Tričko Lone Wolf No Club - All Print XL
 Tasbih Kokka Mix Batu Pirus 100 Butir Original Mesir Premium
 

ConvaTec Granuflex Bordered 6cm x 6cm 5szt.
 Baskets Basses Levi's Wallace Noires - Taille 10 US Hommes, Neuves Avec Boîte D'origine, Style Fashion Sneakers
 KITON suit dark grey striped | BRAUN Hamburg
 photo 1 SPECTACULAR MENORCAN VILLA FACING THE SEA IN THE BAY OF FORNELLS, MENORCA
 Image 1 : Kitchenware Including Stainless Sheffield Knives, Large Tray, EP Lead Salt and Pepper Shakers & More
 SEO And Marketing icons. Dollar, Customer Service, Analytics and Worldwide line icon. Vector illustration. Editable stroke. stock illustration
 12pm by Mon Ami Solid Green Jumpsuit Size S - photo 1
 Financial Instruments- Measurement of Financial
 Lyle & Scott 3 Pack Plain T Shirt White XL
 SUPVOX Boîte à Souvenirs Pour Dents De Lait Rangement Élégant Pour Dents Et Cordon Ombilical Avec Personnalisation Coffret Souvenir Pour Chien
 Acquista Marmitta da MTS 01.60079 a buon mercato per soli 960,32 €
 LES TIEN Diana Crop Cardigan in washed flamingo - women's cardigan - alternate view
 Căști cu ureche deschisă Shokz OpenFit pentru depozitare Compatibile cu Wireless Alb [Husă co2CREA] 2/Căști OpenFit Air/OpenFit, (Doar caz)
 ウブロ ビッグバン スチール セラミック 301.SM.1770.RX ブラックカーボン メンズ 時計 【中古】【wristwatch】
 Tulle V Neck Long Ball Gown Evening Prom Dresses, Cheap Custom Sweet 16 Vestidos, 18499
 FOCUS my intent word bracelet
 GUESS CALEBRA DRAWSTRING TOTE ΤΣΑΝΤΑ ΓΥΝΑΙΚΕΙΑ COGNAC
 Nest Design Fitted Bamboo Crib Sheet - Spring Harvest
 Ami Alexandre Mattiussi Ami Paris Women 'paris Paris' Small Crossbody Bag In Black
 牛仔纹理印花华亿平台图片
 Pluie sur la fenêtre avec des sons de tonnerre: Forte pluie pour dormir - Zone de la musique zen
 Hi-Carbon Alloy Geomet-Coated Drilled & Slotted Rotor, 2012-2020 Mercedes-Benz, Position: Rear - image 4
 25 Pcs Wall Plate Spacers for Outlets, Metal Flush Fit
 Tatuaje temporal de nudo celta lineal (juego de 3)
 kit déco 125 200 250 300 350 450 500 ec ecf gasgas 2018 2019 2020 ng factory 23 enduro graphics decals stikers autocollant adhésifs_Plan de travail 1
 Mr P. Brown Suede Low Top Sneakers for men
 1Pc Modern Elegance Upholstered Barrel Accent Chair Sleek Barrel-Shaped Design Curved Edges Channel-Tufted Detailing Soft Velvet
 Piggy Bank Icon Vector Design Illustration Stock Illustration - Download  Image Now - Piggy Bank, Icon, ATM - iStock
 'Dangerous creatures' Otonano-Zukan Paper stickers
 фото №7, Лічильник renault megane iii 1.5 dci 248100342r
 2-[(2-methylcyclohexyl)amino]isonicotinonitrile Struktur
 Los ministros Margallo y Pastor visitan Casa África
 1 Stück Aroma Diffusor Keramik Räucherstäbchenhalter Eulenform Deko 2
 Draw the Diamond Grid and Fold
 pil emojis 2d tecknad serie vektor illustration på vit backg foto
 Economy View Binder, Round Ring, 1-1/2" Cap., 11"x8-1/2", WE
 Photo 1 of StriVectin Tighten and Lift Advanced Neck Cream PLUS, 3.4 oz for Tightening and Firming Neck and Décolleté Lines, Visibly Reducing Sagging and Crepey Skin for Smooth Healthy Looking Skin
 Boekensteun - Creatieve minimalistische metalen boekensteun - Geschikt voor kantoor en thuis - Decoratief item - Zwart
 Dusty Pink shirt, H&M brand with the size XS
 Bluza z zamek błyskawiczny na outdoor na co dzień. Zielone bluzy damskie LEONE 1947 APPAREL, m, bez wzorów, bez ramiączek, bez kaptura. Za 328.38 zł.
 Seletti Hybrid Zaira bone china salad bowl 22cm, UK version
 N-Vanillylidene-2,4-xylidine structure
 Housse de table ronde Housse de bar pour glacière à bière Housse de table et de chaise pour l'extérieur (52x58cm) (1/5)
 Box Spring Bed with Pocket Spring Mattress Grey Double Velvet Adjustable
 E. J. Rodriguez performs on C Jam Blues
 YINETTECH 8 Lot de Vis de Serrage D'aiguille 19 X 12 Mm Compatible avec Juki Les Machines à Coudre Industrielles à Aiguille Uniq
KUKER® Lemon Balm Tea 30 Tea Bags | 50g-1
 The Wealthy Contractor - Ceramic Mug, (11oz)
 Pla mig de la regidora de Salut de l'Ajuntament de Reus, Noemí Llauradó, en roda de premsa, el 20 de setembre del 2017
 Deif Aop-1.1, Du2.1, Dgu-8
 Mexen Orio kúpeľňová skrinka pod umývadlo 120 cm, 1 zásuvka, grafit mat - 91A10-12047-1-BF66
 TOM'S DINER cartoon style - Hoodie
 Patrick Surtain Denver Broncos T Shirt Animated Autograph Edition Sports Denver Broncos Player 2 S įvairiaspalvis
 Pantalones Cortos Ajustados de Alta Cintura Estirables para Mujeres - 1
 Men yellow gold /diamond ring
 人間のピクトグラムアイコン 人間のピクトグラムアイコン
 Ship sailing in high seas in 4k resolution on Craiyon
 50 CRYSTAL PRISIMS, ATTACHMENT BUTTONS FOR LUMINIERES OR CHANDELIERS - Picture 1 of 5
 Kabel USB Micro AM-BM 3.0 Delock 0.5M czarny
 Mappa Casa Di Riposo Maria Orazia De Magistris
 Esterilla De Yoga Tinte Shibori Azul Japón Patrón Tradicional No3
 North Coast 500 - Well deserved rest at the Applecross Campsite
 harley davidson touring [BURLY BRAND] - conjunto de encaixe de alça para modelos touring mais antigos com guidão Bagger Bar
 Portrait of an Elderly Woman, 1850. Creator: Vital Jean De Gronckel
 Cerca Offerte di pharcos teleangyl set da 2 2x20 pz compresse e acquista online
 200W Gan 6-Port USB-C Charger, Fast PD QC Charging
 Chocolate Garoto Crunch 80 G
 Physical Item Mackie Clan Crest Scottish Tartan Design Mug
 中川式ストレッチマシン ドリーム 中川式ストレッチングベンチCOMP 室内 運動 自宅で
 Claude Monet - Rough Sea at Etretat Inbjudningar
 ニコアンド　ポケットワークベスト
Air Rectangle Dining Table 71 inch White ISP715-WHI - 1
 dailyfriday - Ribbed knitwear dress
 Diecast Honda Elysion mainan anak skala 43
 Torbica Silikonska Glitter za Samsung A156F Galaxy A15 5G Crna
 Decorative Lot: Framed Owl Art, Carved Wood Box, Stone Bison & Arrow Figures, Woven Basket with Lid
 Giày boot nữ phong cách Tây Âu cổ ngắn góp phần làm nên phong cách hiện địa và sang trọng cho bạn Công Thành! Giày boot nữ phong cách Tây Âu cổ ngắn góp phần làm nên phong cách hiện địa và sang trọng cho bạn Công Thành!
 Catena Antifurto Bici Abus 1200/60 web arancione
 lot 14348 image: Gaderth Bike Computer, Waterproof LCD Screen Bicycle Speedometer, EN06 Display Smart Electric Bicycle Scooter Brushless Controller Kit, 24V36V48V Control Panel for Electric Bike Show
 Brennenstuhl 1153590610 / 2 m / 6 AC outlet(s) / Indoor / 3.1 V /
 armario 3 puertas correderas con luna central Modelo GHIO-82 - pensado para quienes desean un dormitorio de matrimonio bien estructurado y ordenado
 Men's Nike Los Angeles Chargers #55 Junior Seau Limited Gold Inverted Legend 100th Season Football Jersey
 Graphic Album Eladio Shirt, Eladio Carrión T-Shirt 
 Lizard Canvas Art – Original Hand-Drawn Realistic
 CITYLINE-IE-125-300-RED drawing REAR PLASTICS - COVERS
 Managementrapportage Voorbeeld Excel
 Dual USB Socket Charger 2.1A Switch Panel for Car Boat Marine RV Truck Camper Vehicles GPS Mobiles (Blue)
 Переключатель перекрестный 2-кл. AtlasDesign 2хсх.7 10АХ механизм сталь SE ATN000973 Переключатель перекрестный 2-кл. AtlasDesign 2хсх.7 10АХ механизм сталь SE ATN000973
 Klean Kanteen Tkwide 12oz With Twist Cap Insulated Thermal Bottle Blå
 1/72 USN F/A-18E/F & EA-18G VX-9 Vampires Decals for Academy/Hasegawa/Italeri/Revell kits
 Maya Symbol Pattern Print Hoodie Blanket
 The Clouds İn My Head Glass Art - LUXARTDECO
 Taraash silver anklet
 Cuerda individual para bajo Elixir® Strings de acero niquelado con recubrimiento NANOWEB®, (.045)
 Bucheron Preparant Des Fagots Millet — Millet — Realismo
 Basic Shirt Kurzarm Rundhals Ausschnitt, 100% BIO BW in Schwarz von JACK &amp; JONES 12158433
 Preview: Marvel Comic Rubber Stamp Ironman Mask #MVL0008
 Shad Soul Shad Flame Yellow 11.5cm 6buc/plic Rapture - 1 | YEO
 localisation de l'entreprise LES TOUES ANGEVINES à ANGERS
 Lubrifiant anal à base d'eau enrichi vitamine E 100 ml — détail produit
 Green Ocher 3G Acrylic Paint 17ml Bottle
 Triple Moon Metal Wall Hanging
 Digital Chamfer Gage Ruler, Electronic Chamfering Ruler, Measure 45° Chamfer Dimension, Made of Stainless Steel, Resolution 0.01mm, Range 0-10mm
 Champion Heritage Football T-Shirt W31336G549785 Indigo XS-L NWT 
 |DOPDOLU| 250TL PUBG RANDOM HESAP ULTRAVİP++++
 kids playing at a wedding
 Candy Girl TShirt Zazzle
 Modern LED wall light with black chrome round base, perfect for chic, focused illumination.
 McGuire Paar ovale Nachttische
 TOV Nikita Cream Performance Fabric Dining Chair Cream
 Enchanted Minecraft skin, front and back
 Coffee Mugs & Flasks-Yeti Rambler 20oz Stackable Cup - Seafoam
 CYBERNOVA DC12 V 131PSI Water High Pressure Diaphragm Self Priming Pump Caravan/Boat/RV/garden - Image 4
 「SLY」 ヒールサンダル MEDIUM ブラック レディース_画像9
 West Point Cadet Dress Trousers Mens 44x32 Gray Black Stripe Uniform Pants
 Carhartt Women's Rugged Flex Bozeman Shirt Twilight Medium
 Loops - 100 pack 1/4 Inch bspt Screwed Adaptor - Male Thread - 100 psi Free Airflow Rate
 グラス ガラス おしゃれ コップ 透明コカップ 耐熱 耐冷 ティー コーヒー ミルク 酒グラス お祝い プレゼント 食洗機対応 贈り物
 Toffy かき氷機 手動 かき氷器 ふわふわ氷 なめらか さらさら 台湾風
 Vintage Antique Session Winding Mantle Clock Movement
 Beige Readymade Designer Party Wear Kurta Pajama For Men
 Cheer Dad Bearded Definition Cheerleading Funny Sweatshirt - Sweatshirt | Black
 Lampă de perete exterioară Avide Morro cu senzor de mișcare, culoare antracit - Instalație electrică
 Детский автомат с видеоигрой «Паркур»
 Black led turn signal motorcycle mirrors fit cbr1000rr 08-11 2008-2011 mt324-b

★ ★ ★

**TASK DETAILS:** What you should output is every line of the records above, from the first through the line containing "Image 1 : Kitchenware", unchanged.

**SOLUTION TO THIS PROBLEM:**
Tričko Lone Wolf No Club - All Print XL
 Tasbih Kokka Mix Batu Pirus 100 Butir Original Mesir Premium
 

ConvaTec Granuflex Bordered 6cm x 6cm 5szt.
 Baskets Basses Levi's Wallace Noires - Taille 10 US Hommes, Neuves Avec Boîte D'origine, Style Fashion Sneakers
 KITON suit dark grey striped | BRAUN Hamburg
 photo 1 SPECTACULAR MENORCAN VILLA FACING THE SEA IN THE BAY OF FORNELLS, MENORCA
 Image 1 : Kitchenware Including Stainless Sheffield Knives, Large Tray, EP Lead Salt and Pepper Shakers & More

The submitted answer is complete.